What the task asks:
Begin at the line containing "Pls Read VTG" and copy exactly through the last line of the listing, skipping every picture.

Given information:
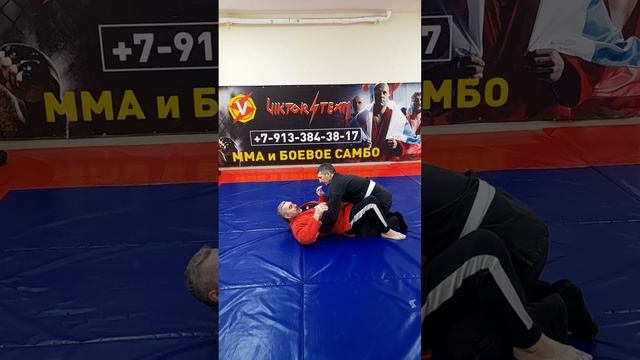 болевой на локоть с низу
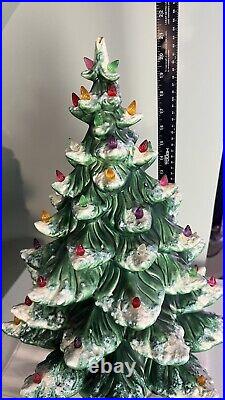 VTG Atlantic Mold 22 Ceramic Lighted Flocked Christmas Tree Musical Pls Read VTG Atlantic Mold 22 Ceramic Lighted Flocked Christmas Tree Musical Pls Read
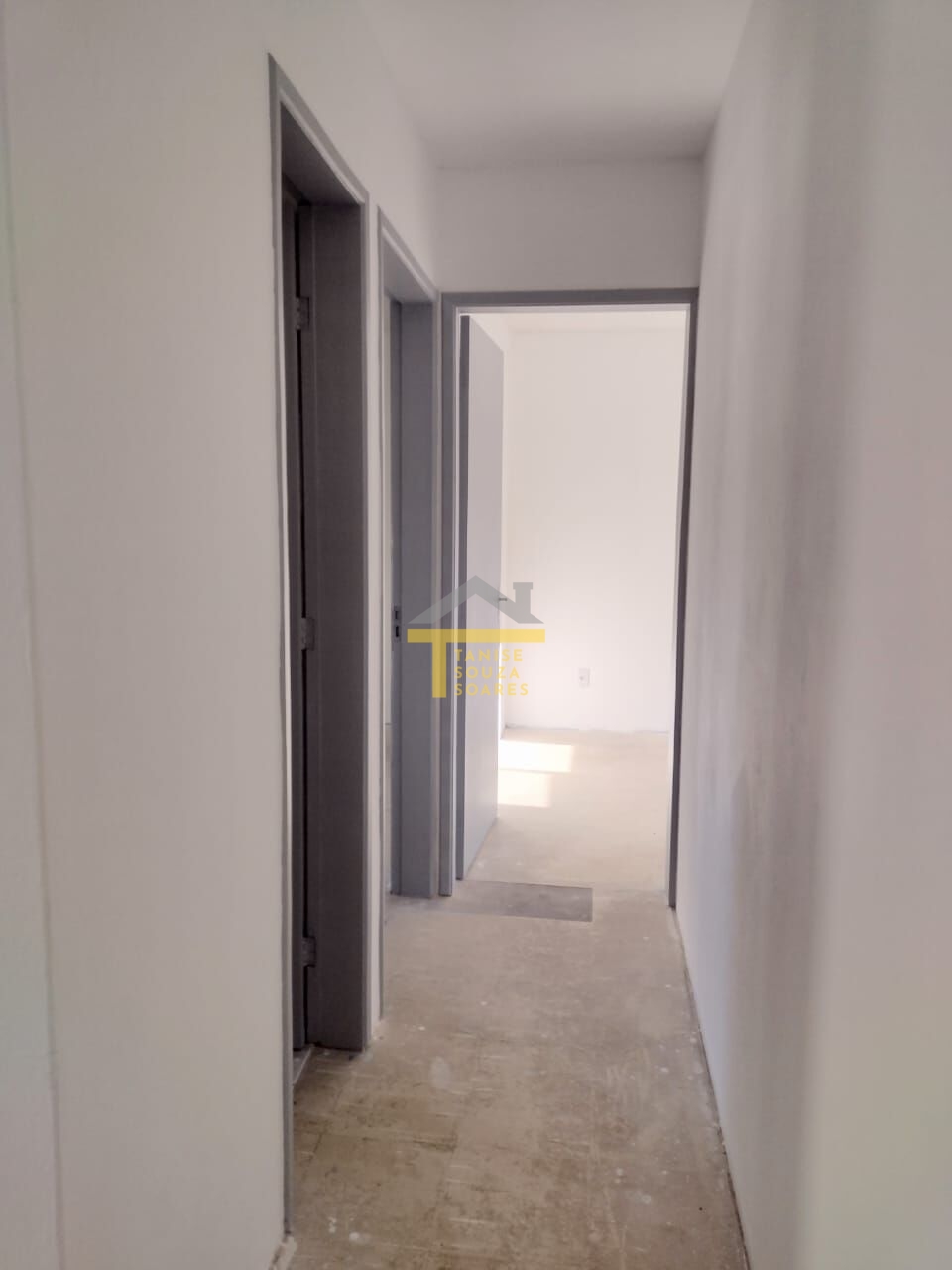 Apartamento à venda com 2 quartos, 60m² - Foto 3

Answer below:
 VTG Atlantic Mold 22 Ceramic Lighted Flocked Christmas Tree Musical Pls Read VTG Atlantic Mold 22 Ceramic Lighted Flocked Christmas Tree Musical Pls Read
 Apartamento à venda com 2 quartos, 60m² - Foto 3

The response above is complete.